→ **Excerpted records**

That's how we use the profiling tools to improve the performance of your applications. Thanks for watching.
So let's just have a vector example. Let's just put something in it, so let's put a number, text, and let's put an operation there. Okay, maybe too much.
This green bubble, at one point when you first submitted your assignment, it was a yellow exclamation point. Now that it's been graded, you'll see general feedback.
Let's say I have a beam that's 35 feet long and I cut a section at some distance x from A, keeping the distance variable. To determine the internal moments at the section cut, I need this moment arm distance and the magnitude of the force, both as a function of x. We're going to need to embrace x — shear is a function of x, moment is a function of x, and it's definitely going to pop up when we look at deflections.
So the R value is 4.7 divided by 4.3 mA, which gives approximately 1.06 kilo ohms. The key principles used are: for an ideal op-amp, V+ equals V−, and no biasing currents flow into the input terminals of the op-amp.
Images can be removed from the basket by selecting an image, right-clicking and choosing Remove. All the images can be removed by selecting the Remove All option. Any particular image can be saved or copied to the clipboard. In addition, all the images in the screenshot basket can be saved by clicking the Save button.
---
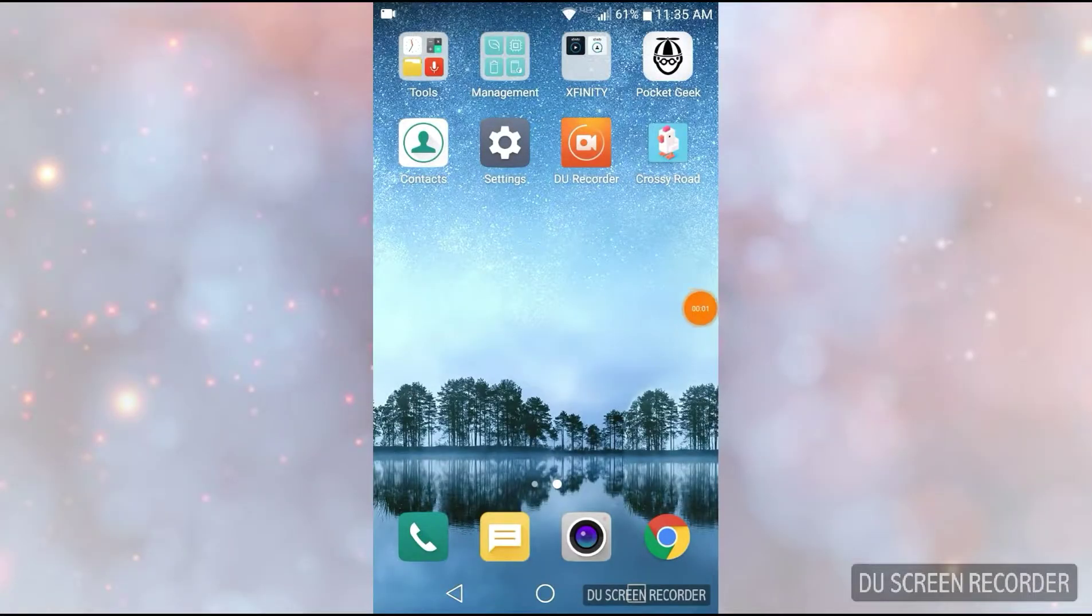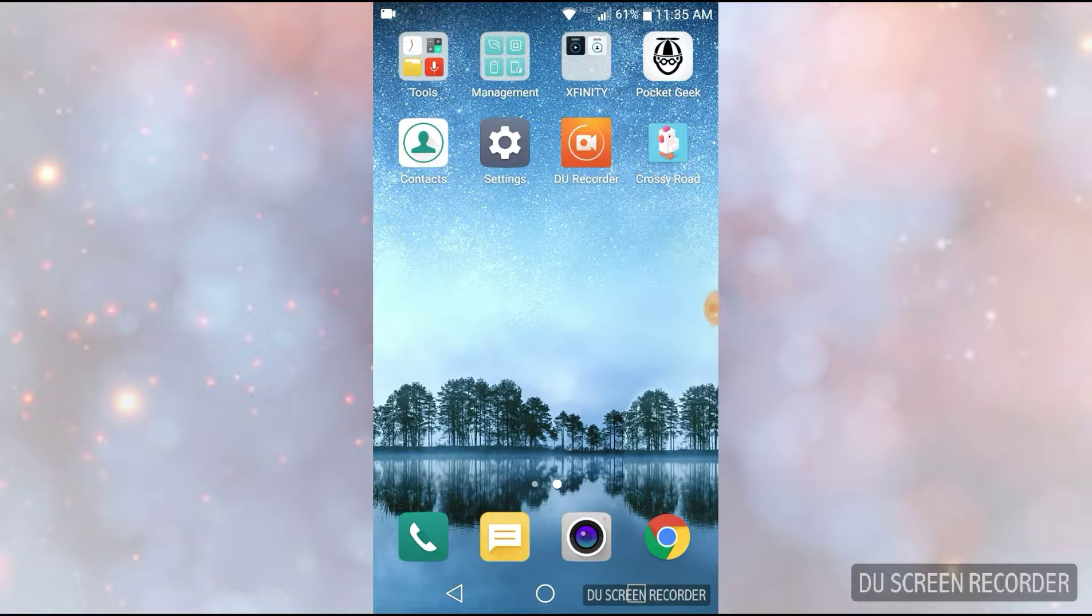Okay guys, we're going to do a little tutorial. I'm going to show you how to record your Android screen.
...
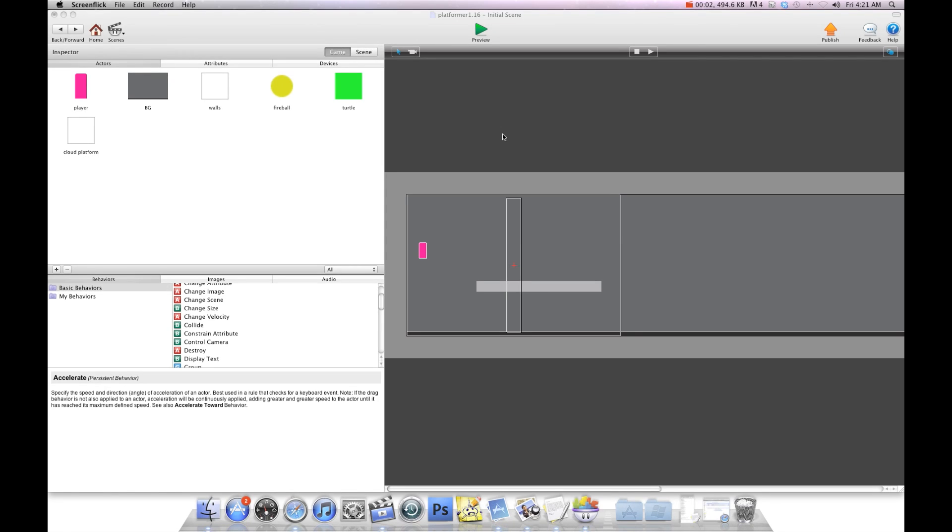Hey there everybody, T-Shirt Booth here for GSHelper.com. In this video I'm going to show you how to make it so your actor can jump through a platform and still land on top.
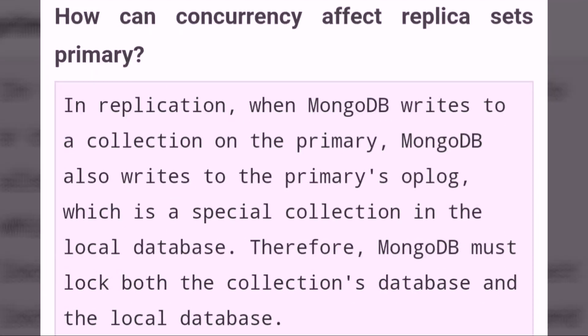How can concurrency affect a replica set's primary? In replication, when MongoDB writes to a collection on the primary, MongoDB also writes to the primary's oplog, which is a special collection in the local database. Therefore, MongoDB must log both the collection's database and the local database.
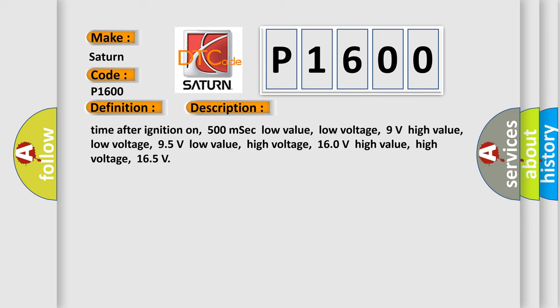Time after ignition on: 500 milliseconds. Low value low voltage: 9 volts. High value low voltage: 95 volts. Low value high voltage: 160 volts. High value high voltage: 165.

→ **Requirement**
Retype exactly the lines above, from the one with "That's how we" through the one with "This green bubble, at", inclusive.

→ **Response**
That's how we use the profiling tools to improve the performance of your applications. Thanks for watching.
So let's just have a vector example. Let's just put something in it, so let's put a number, text, and let's put an operation there. Okay, maybe too much.
This green bubble, at one point when you first submitted your assignment, it was a yellow exclamation point. Now that it's been graded, you'll see general feedback.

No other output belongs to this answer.